Entretanto, agora há uma literatura das diásporas latino-americanas, produzida para o público que permanece em seus próprios países, mas também voltada para o público dessas diásporas. Apareceu esse tipo de literatura nos cinco continentes, ainda que os casos mais numerosos tenham ocorrido nos Estados Unidos e na Europa. Houve inclusive um reconhecimento internacional na medida em que o escritor Rolando Hinojosa-Smith, nascido na fronteira entre os Estados Unidos e o México, vivendo e escrevendo naquele país, ganhou o prêmio Casa de las Américas.

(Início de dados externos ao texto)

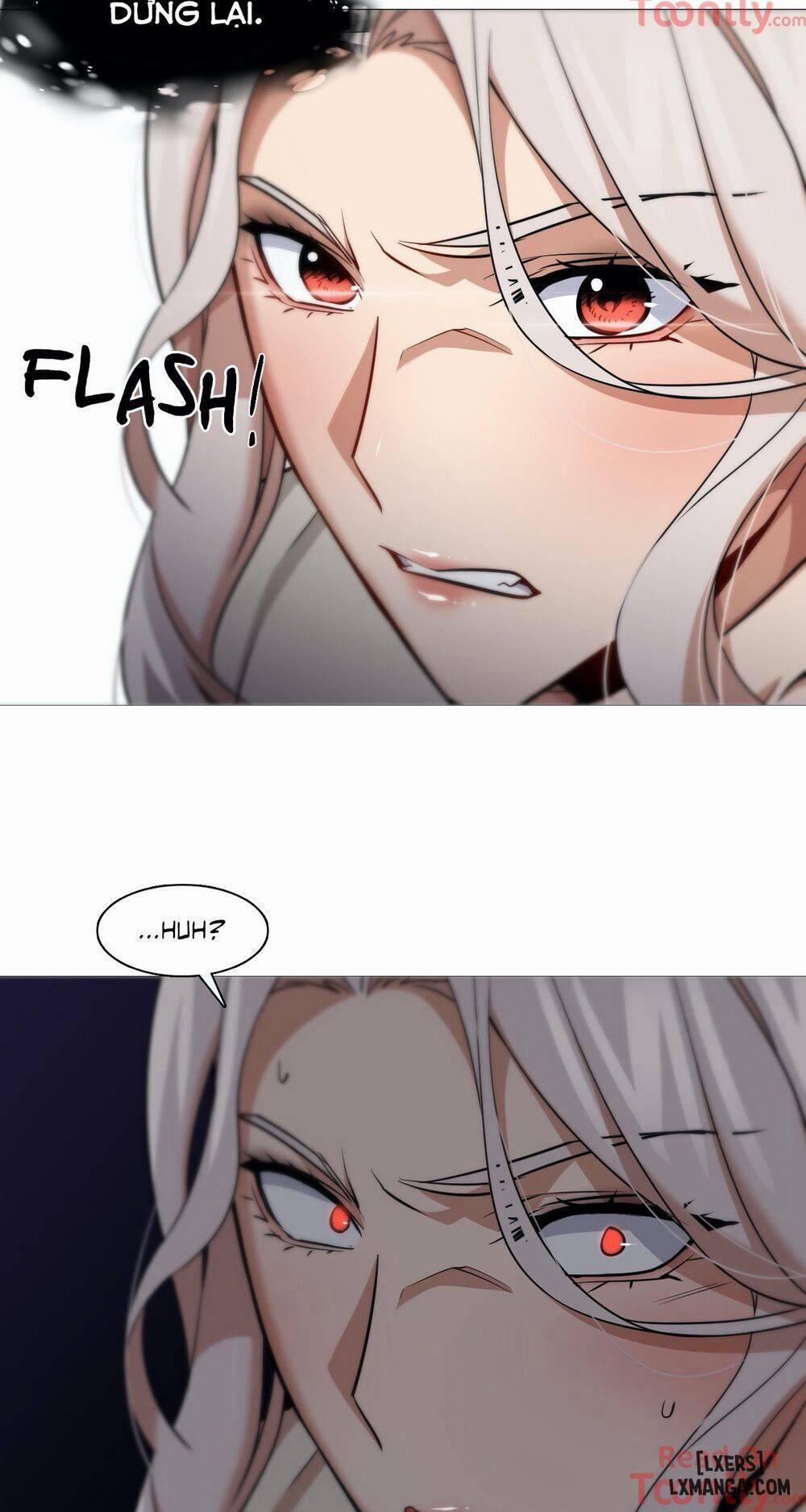 Mạnh Mẽ Nào, Các Cô Gái 49 trang 29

Essa literatura, potenciada pela internet, volta a pôr em questão a identidade, ou as identidades latino-americanas; os brasileiros em Nova York, por exemplo, não se identificam como “latino-americanos”; os mexicanos, por vezes, querem permanecer mexicanos. Outras vezes, as clivagens ideológicas voltam a desenhar fronteiras culturais intransponíveis, como no caso da maioria dos cubanos exilados nos Estados Unidos, cuja identificação com políticas conservadoras por vezes afastam-nos de outros latino-americanos.
O conceito cultural de América Latina começou ancorado à América hispânica. Absorveu o Brasil; foi absorvendo os povos das “línguas esquecidas”, as contribuições africanas enraizadas de longa data, as dos imigrantes mais recentes. Saltou sobre as fronteiras, alcançando as populações de fala francesa, créole, inglesa, holandesa, sempre sob o signo de um certo acriollamiento das línguas. Com as imigrações recentes, chegou aos Estados Unidos, ao Canadá, à Europa e aos outros continentes.
Já houve encontros de literaturas latino-americanas de que participaram escritores do Québec francófono. Hoje é um conceito mundializado. Por onde viaja, leva com ele o conceito de uma literatura latino-americana empenhada com o jogo das identidades mutantes e abertas do continente. Escritores da América Latina estão nas listas dos grandes best-sellers mundiais, como é o caso do brasileiro Paulo Coelho e da chilena Isabel Allende.
Por onde floresceu, esse conceito levou um ressaibo de perseguição à modernidade. Foi contestado, em seu caráter de herdeiro das tradições sintetizadoras do iluminismo, em favor de um conceito de pós-modernidade que resgatasse de modo mais constante a percepção das diferenças. Entretanto, ele – o conceito – e ela – a literatura latino-americana – permanecem herdeiros desse impulso em busca dos ideais de uma modernidade não mais a imitar, mas a construir sob o signo do enraizamento, do resgate dos esquecimentos e da palavra dos condenados da terra.